I am unable to export the Qwen/Qwen3-4B-Thinking-2507 model to ONNX using optimum-cli. The export consistently fails with a RuntimeError related to a tensor size mismatch in the cache update logic.

To Reproduce:

  • Set up an environment with the latest versions of optimum[onnxruntime], transformers, and torch.
  • Run the following command:
    "optimum-cli export onnx --model Qwen/Qwen3-4B-Thinking-2507 qwen3-4b-thinking-onnx"

Bug Confirmation:
To confirm my environment is working correctly, I successfully exported the standard Qwen/Qwen2-1.5B-Instruct model without any issues. This strongly suggests the bug is specific to the architecture or implementation of the -Thinking variant.

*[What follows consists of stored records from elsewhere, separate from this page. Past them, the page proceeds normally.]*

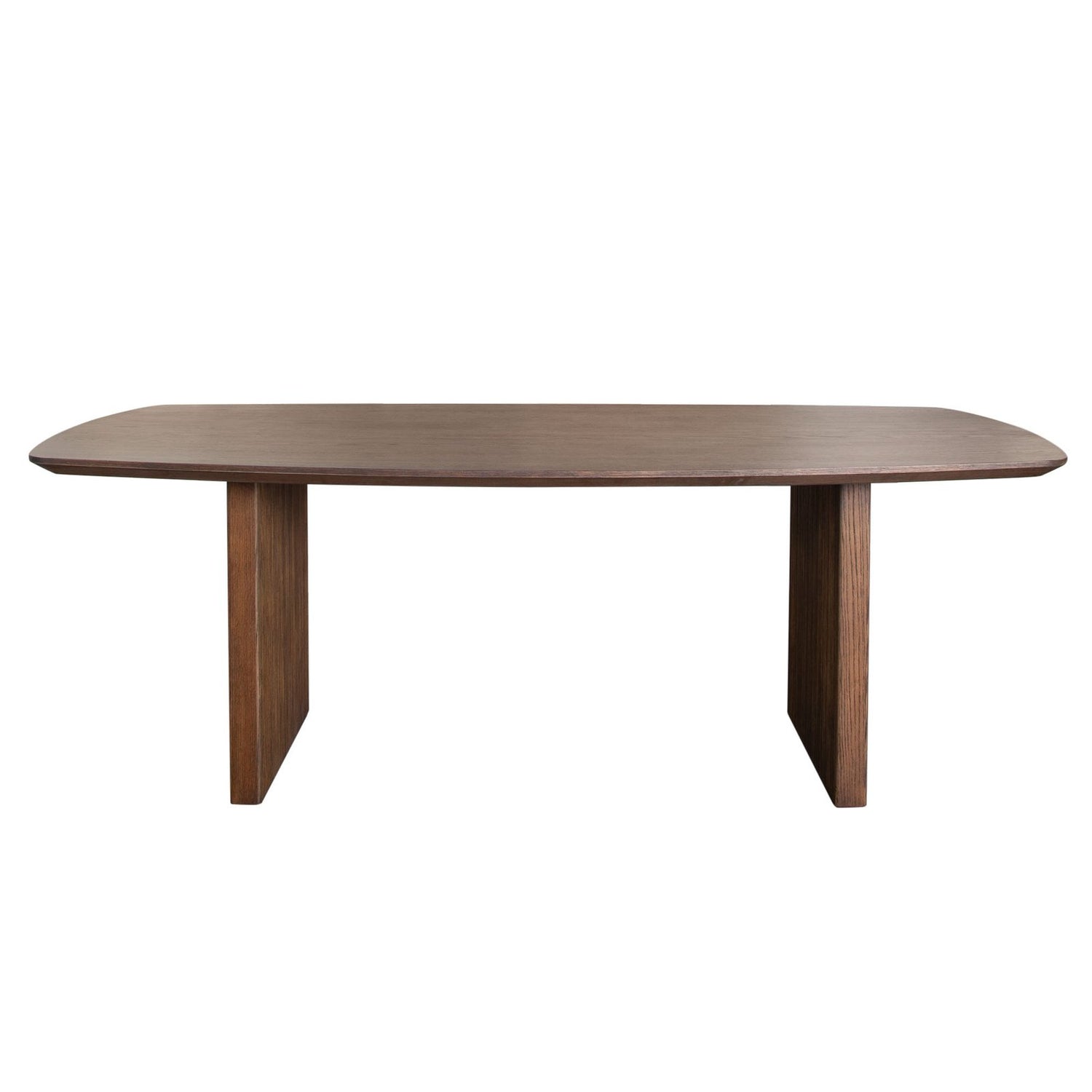 Sienna 87" Rectangular Dining Table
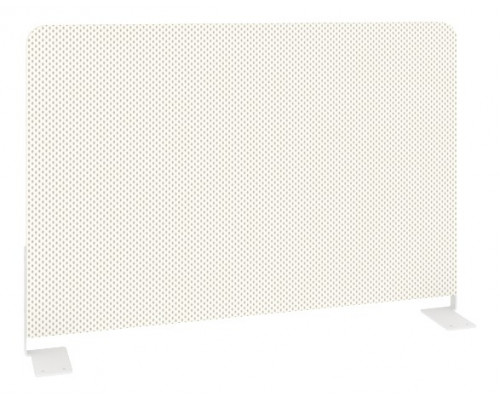 Полка для перегородок Metal System Style Б.ТЭКР-60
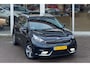 Kia Niro Hybrid 1.6 GDi DynamicLine 100% Dealer onderhouden Trekhaak 2e Eigenaar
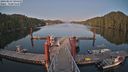 ./images/calvert/dock/20230515/dock20230515_195500M.jpg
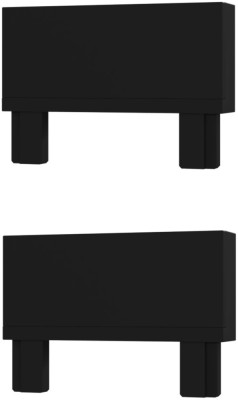 Заглушка Skyflat ST067.409.19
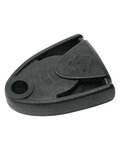 SKS spare part - SECU-CLIP - black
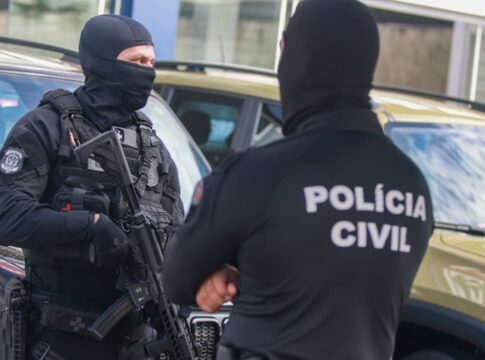 delegacias-do-df-“quebram-as-pernas”-do-crime-e-apreendem-r$-14,8-mi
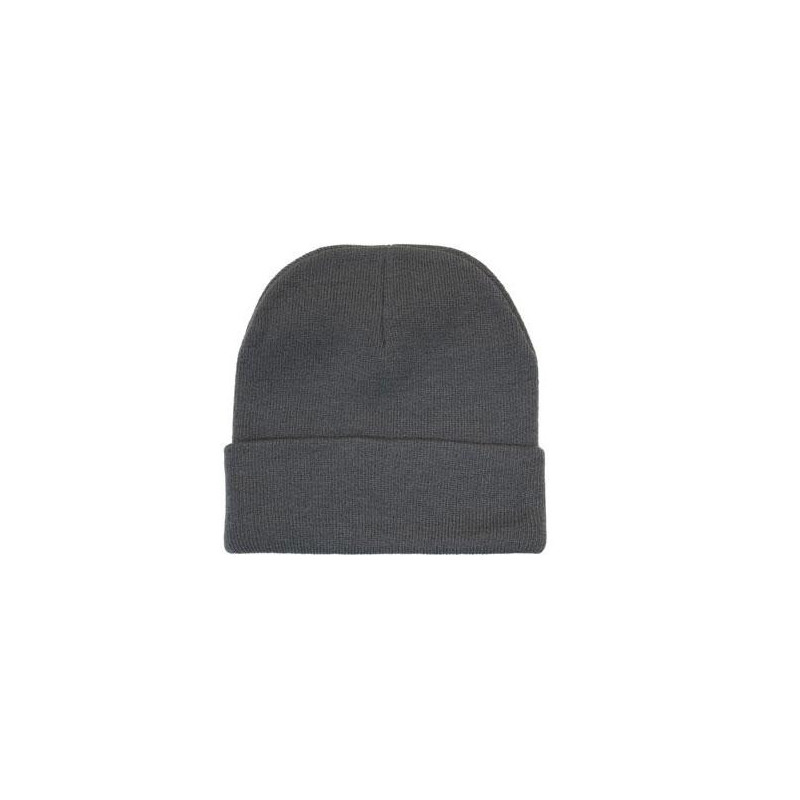 Toque - Acrylic Beanie - 4243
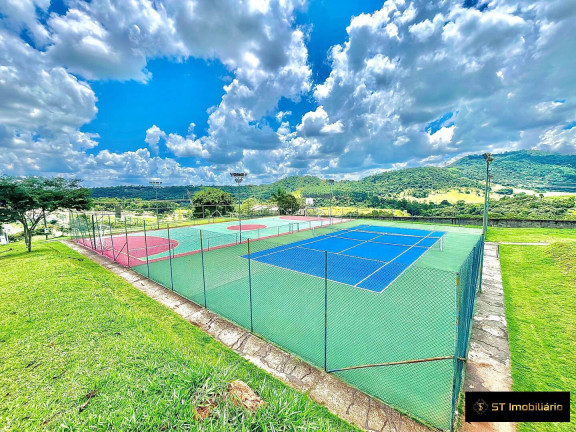 Imagem Terreno à Venda, 1.000 m² em Tanque - Atibaia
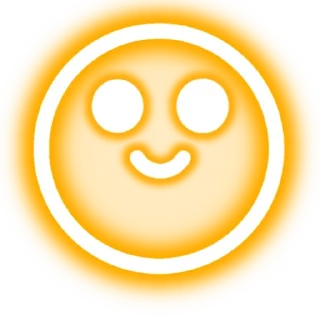 Стикер Стикеры сделаны @Navi_Verta - 5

Error Log for Qwen3-4B-Thinking-2507:
C:\Users<Username>\Desktop\onnx\qwen-onnx-env\Lib\site-packages\transformers\cache_utils.py:552: TracerWarning: Converting a tensor to a Python boolean might cause the trace to be incorrect. We can't record the data flow of Python values, so this value will be treated as a constant in the future. This means that the trace might not generalize to other inputs!
not self.key_cache[layer_idx].numel() # prefers not t.numel() to len(t) == 0 to export the model
Traceback (most recent call last):
File "", line 198, in run_module_as_main
File "", line 88, in run_code
File "C:\Users<Username>\Desktop\onnx\qwen-onnx-env\Scripts\optimum-cli.exe_main
.py", line 7, in
sys.exit(main())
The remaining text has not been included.